How to Make Your Own Wood Clamps How to Make Your Own Wood Clamps
Wood clamps are vital in every workshop and have many different uses. Some will hold glued wood together so it dries nice and tightly while other clamps are designed to hold wood on place so it can be worked on without moving. It’s simply not possible to build all the different types of clamps yourself. Some are quite complex and require specialized tools. However, it’s perfectly feasible to make a single clamp that will work for most simple jobs ithin your workshop and it will save you quite a bit of money. When you’ve glued pieces of wood together, you’ll be able to insert them into the clamp and tighten it like a press. The clamp will hold the wood securely until the glue dies.

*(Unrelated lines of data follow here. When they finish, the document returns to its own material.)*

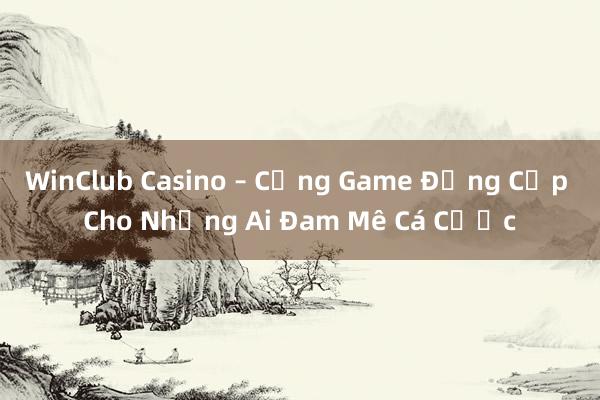 WinClub Casino – Cổng Game Đẳng Cấp Cho Những Ai Đam Mê Cá Cược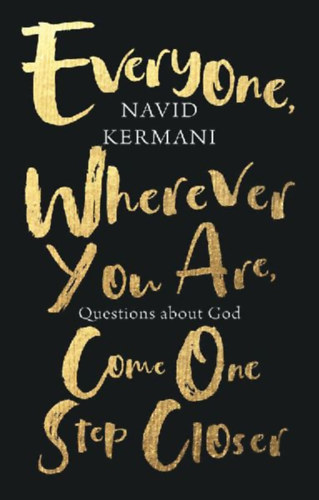Kermani, Navid: Everyone, Wherever You Are, Come One Step Closer idegen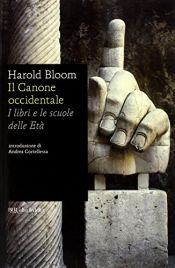 book cover of Il canone occidentale: i libri e le scuole delle eta by Harold Bloom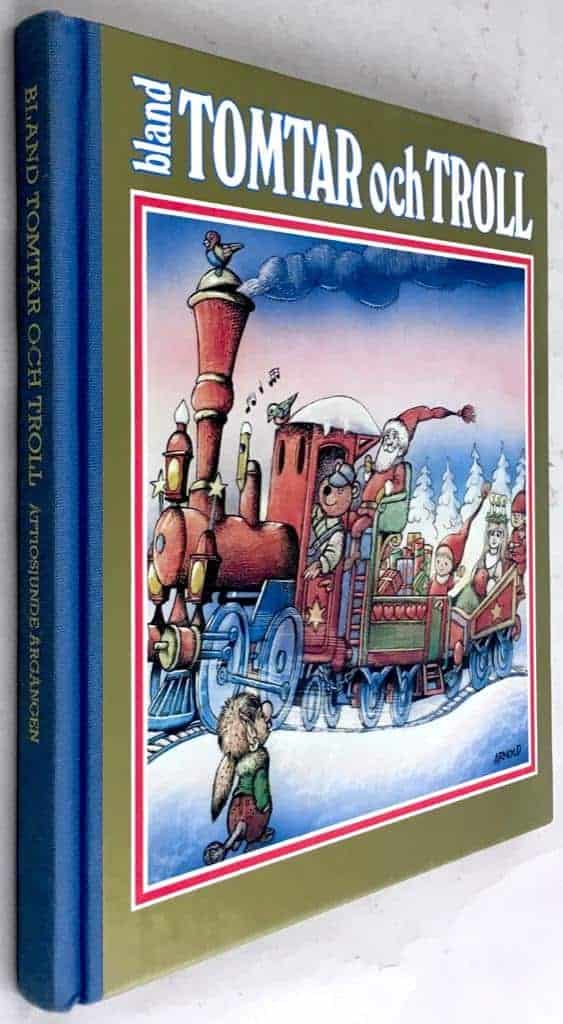 Arnold, Hans ; Irmelin Sandman Lilius ; Britt G. Hallqvist ; Alice Tegnér ; Tove Jansson ; Marie Hermassson ; Anna Mari Roos ; Hugo Hamilton ; Robert Louis Stevenson ; Elsa Beskow ; Felix Körling ; Alf Henrikson ; Bengt Anderberg ; Harriet Löwenhjelm : Bland tomtar och troll - Åttiosjunde årgången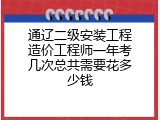 通辽二级安装工程造价工程师一年考几次总共需要花多少钱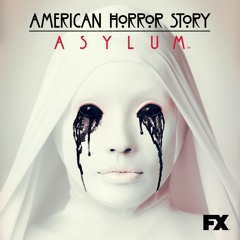 American Horror Story: Asylum (Theme Song)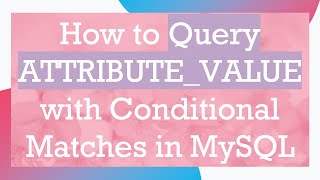 How to Query ATTRIBUTE_VALUE with Conditional Matches in MySQL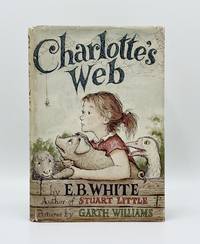 CHARLOTTE&#039;S WEB by White, E.B - 1952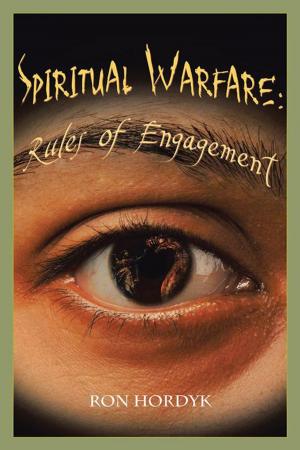 Cover of the book Spiritual Warfare: Rules of Engagement by Joseph Toomey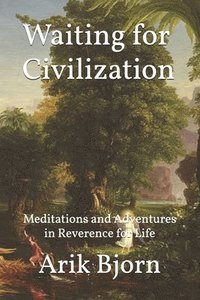 bokomslag Waiting for Civilization: Meditations and Adventures in Reverence for Life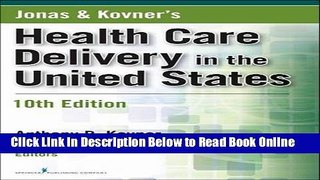 Read Jonas and Kovner s Health Care Delivery in the United States, 10th Edition (Health Care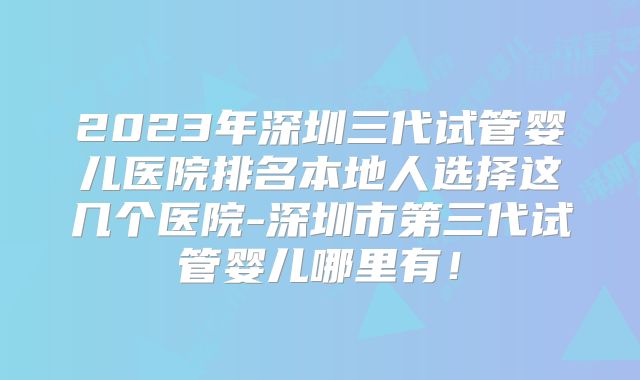 2023年深圳三代试管婴儿医院排名本地人选择这几个医院-深圳市第三代试管婴儿哪里有！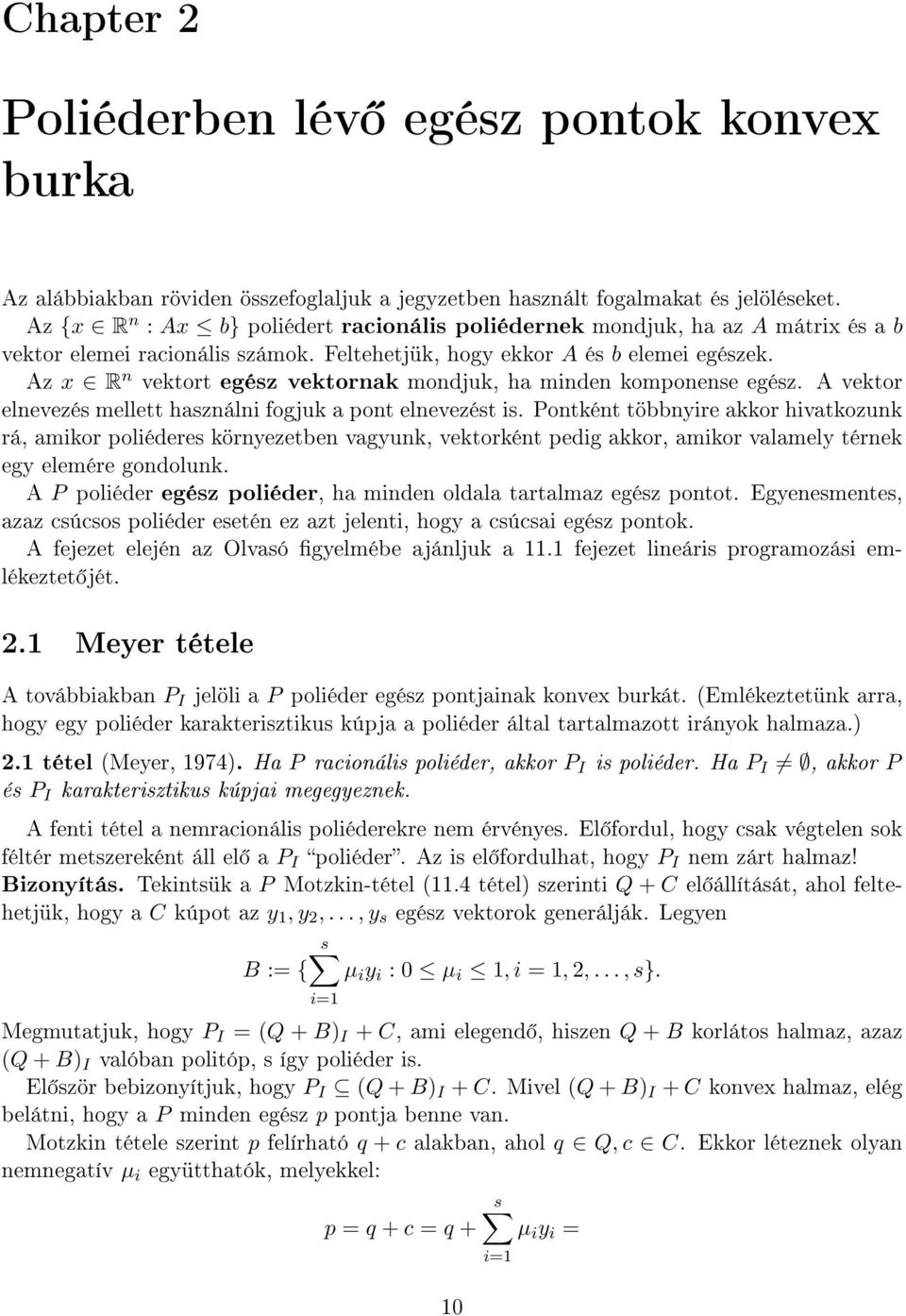 Az x R n vektort egész vektornak mondjuk, ha minden komponense egész. A vektor elnevezés mellett használni fogjuk a pont elnevezést is.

Step 1 - Making Your Clamp
The first step is to actually create your clamp. To do this, use a tape measure and pencil to mark spots 1 ½ inches in from each corner on both the MDF boards. Drill a 3/8-inch wide hole through each of these four marks on both boards so that when the boards are placed on top of each other, these holes line up directly with each other. This is vital for the clamp to work effectively.
Now select one of the boards as the bottom board of your clamp and insert threaded 3/8-inch T-nuts into each of the holes, making sure they fit snugly.
Screw one of the threaded rods into one of the T-nuts on the bottom board of the clamp until it’s tight. Repeat in the other 3 holes. You’ll now have a rod standing up at each corner and your clamp will be ready to use.
Step 2 - Using the Clamp
Take the item you’ve just glued and wish to clamp. Make sure the glue is evenly spread over the surfaces you want to bond together. Place the item on the bottom board, centering it as much as possible. This will help the clamp to exert even pressure on the object.
Now, take the top board of your clamp and push the threaded rods through the holes in the corners. Lower the top board onto the glued object so it rests on top of it. Put a washer over each threaded rod where it appears above the top board so the washers sit flush on top of the top board. Screw down one nut on each of the threaded rods until they’re all hand tight and pressing down on the washer.
To tighten further use the crescent wrench, tightening each nut in turn as far as possible. This will clamp down the wood. Leave clamped for several hours to give the glue chance to dry. To remove the glued object, loosen and remove each of the nuts before taking off the washers and lifting off the top board.